BEGIN

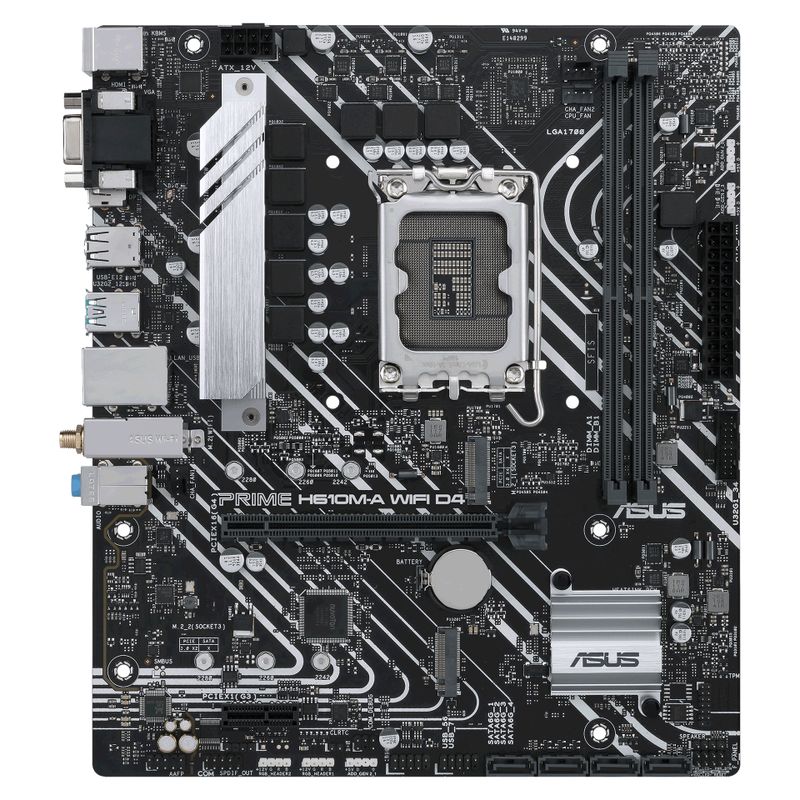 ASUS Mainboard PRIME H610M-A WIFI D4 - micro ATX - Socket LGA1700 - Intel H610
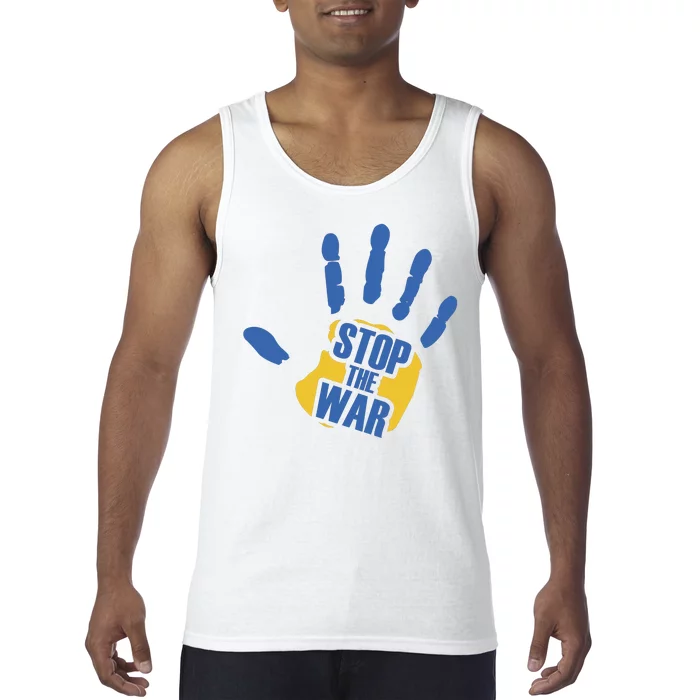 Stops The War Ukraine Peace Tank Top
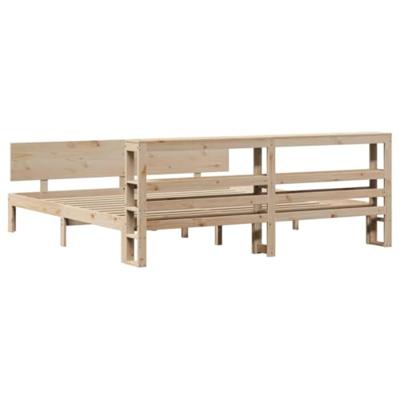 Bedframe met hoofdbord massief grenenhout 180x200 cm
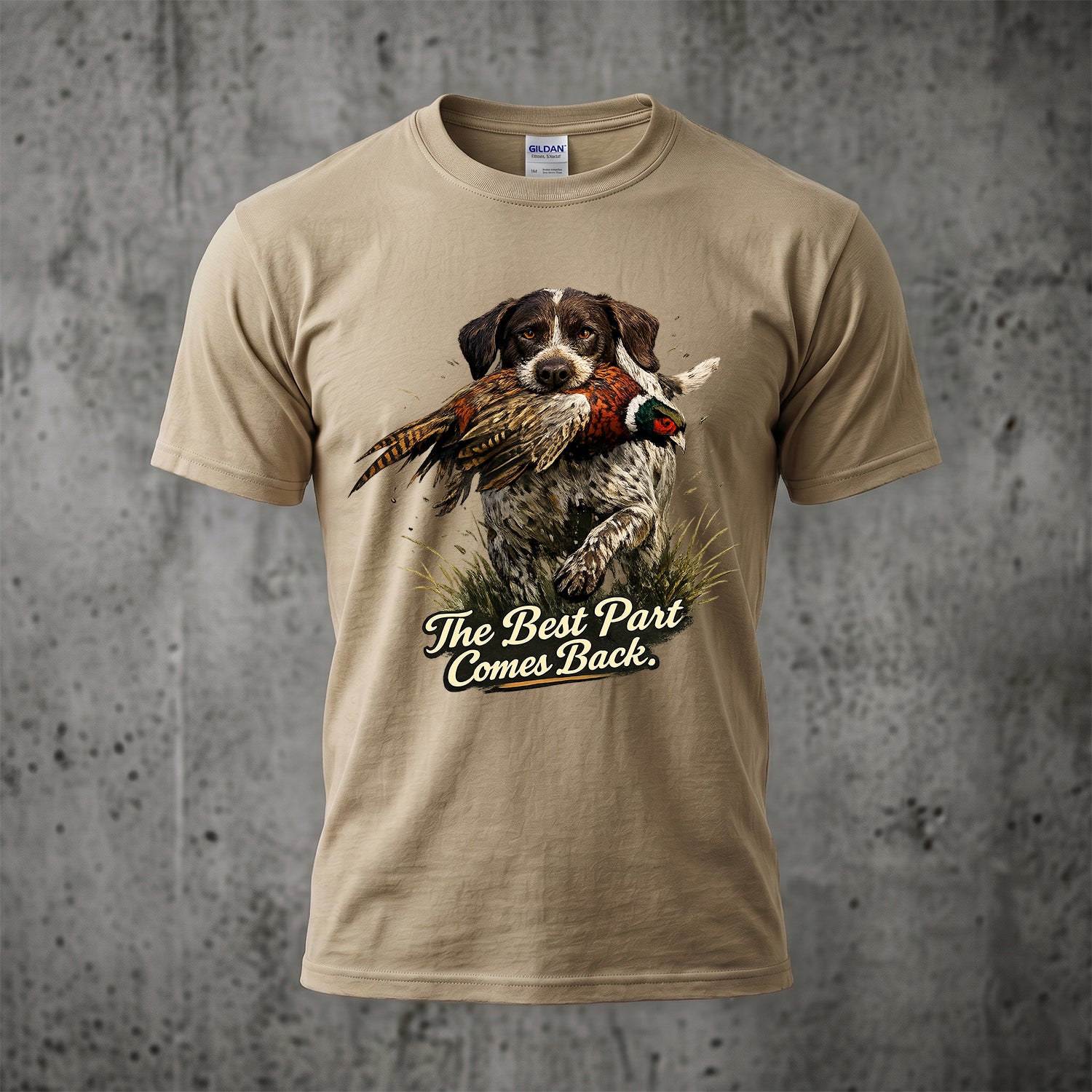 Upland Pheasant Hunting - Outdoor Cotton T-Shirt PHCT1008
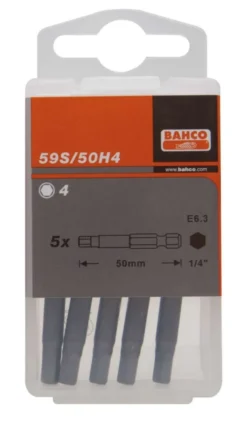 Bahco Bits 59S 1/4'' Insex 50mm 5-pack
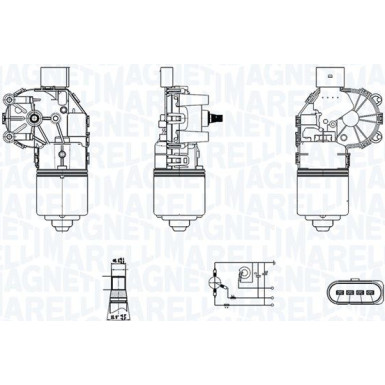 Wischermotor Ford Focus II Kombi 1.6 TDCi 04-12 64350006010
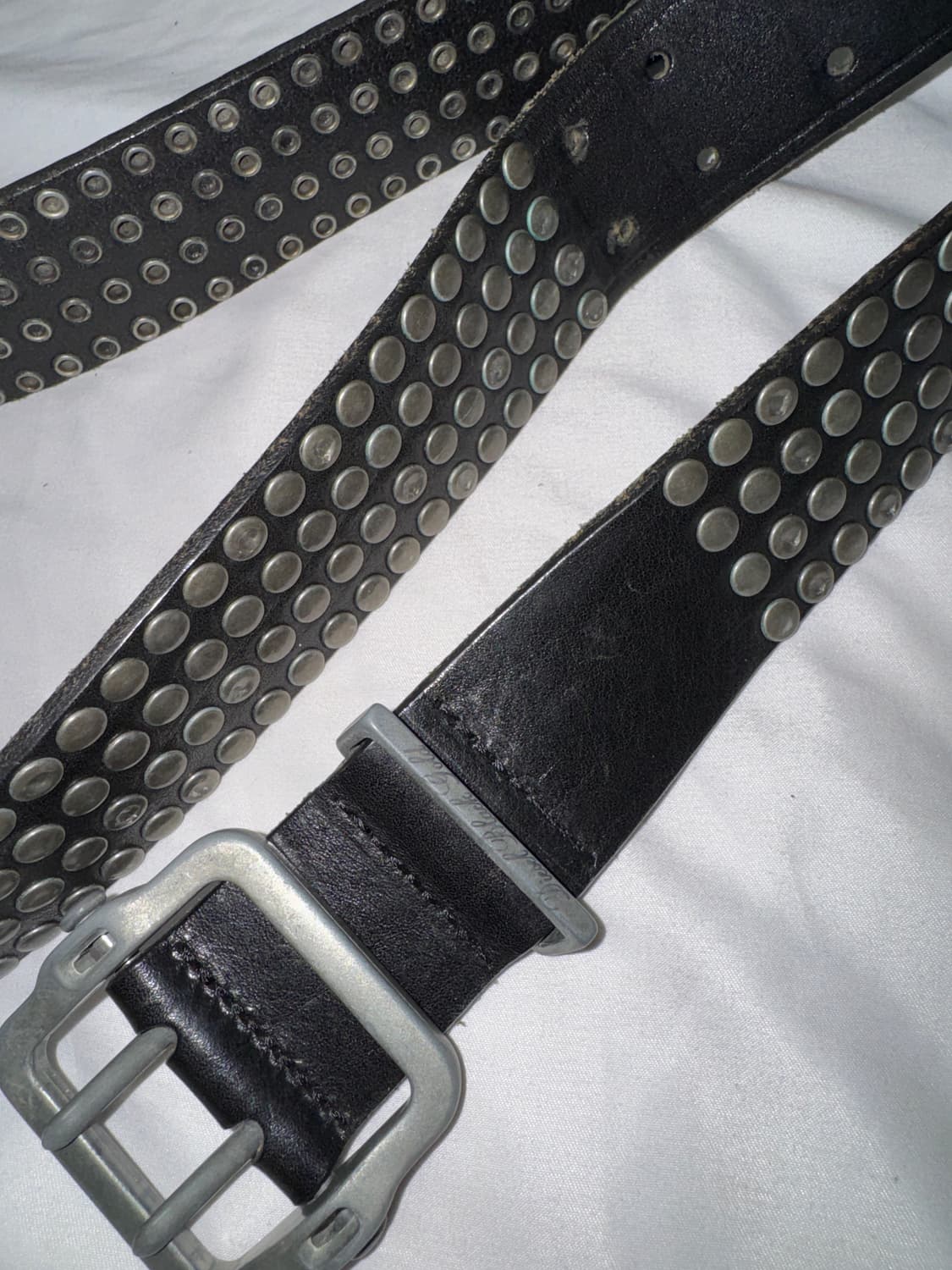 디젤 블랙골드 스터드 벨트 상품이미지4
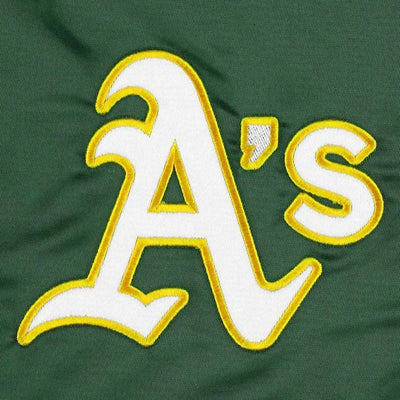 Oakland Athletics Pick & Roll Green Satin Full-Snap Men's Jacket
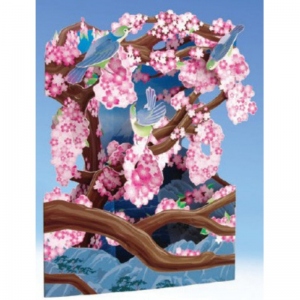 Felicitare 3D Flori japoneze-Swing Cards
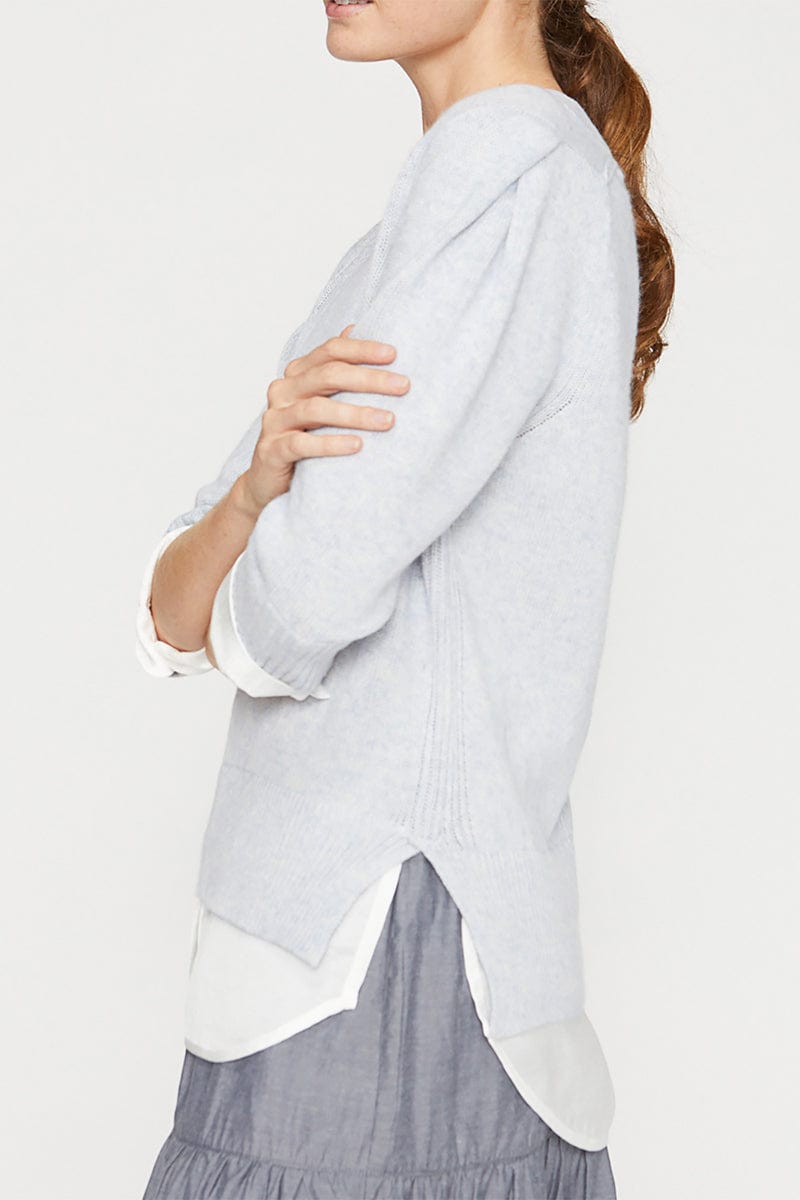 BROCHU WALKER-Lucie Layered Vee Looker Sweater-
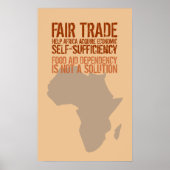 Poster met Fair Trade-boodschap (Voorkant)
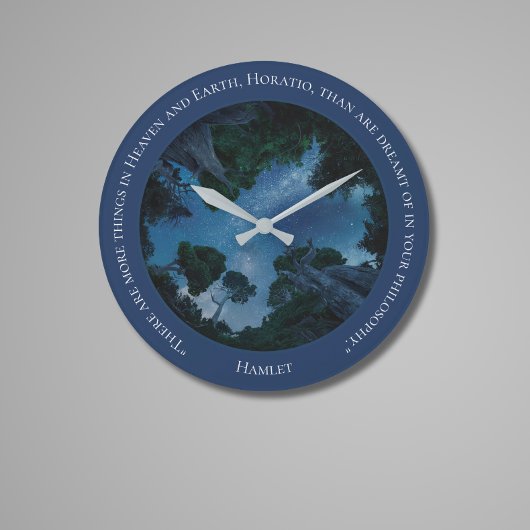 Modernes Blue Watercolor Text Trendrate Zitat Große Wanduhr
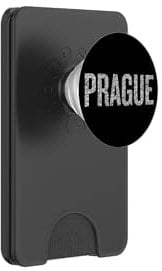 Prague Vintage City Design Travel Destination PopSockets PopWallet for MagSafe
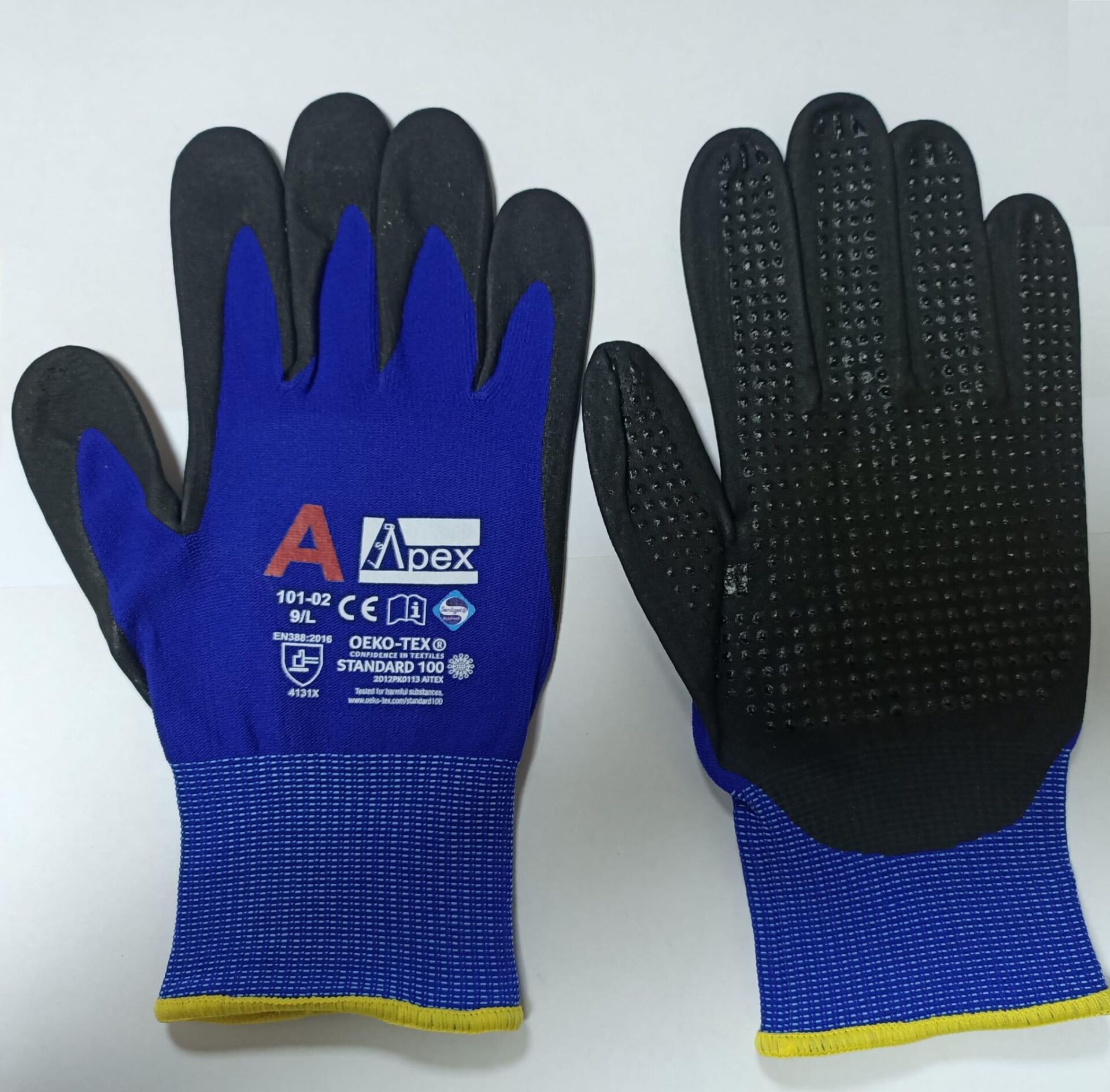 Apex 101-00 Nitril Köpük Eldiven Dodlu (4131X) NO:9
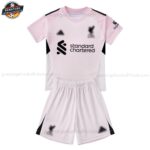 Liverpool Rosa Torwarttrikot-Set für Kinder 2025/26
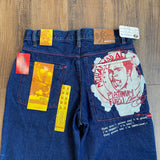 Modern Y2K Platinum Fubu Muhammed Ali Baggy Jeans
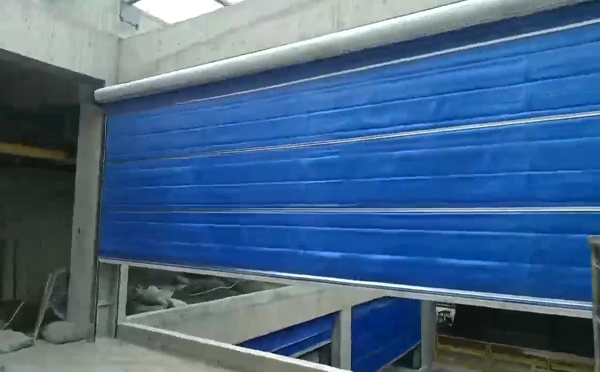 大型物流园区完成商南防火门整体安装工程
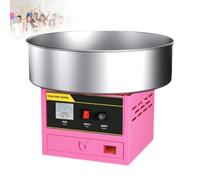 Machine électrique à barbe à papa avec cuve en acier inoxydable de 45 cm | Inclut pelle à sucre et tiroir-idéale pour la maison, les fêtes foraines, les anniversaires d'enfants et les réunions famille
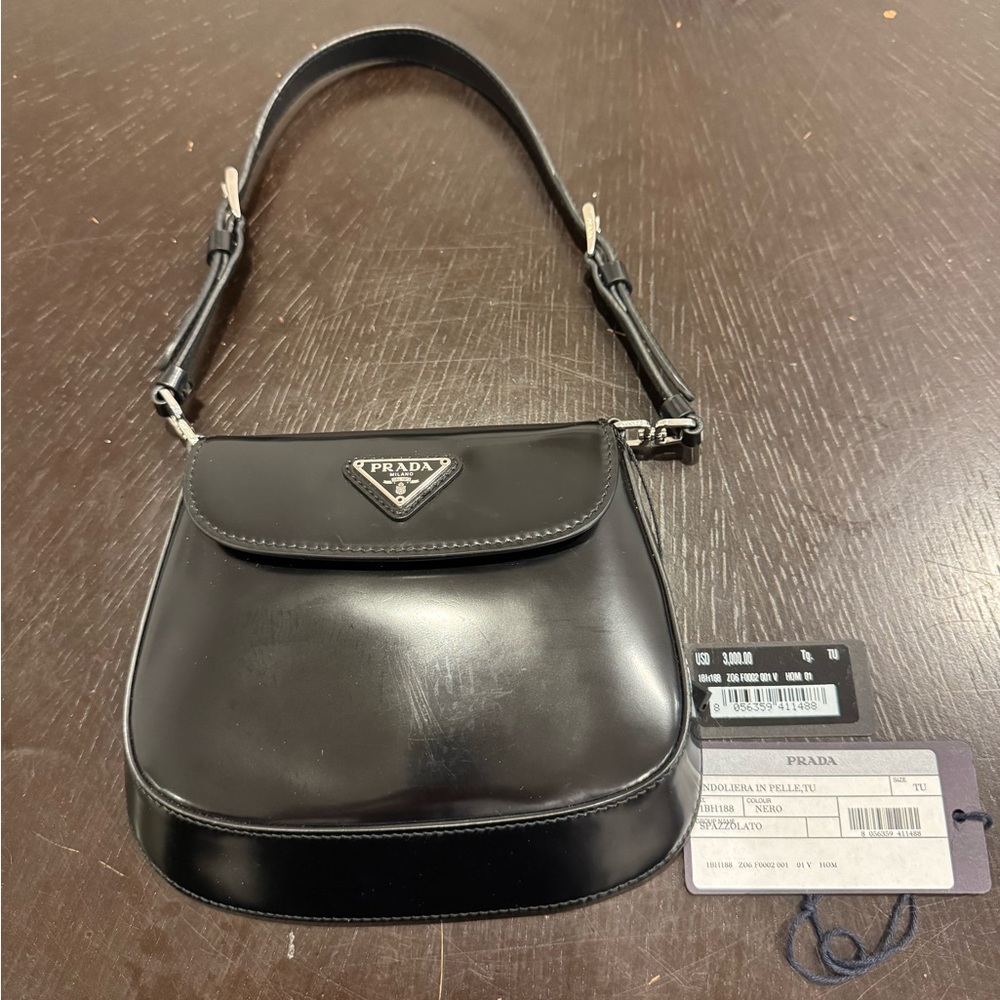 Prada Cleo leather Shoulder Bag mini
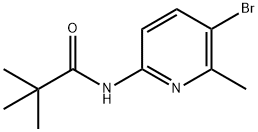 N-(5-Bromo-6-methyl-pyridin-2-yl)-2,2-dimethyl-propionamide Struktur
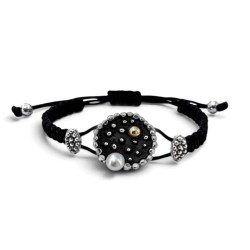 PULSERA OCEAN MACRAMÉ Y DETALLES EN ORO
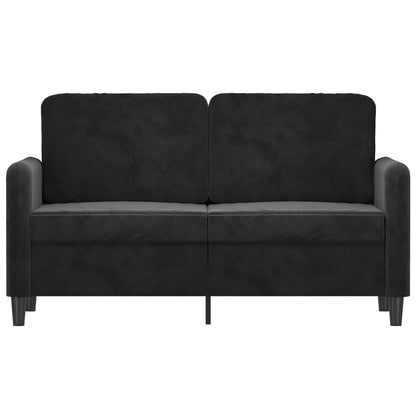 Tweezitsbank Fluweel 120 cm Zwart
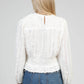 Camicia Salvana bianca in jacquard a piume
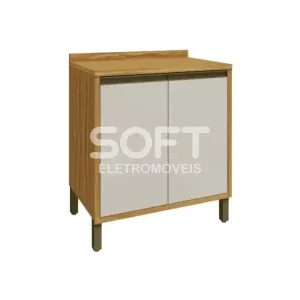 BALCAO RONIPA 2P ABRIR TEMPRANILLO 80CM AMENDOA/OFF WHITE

END

## GOAL OF THE EXERCISE
Leave the pictures out and restate exactly the lines from the one that has "Tweezitsbank Fluweel 120 cm Zwart" through the final line of the entries above, both ends included.

## COMPLETED TASK
 Tweezitsbank Fluweel 120 cm Zwart
 Camicia Salvana bianca in jacquard a piume
 BALCAO RONIPA 2P ABRIR TEMPRANILLO 80CM AMENDOA/OFF WHITE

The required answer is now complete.